GTECH may assign its rights and/or obligations hereunder, in whole or
in part, to any parent or subsidiary corporation, or any affiliate, without the
consent of, but upon notice to, VENDOR.
21. TERM AND TERMINATION
21.1 TERM. This Agreement will commence on the 30th day of May 2002
("Effective Date"), and shall continue for five (5) years ("Term") unless
terminated earlier as provided in this Agreement. Unless either Party notifies
the other in writing at least sixty (60) calendar days before the end of the
Term of its intent to terminate this Agreement at the end of the Term, this
Agreement will be extended automatically and will continue in effect without any
volume commitment until terminated by either Party on sixty (60) calendar days
prior written notice.
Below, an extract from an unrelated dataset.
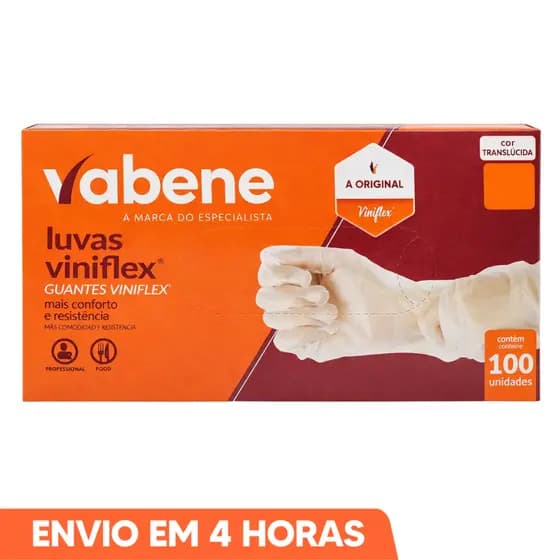 Luva Descartável Transparente Sem Pó TPE Vinil Viniflex 100un Vabene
Unless otherwise agreed in writing, the prices for the
Products during any such extension shall be the same prices in effect at the end
of the Term.
21.2 TERMINATION BY GTECH. GTECH may terminate this Agreement at
any time if (a) VENDOR fails or neglects to perform any of its obligations
hereunder and such condition has not been cured within thirty (30) calendar days
of written notice thereof by GTECH; (b) VENDOR, or VENDOR's parent or a wholly
owned subsidiary of VENDOR, is the subject of trade sanctions by the United
States government, or any other government, or quasi-governmental agency which
materially affects GTECH's ability to sell, lease, or maintain the Product; (c)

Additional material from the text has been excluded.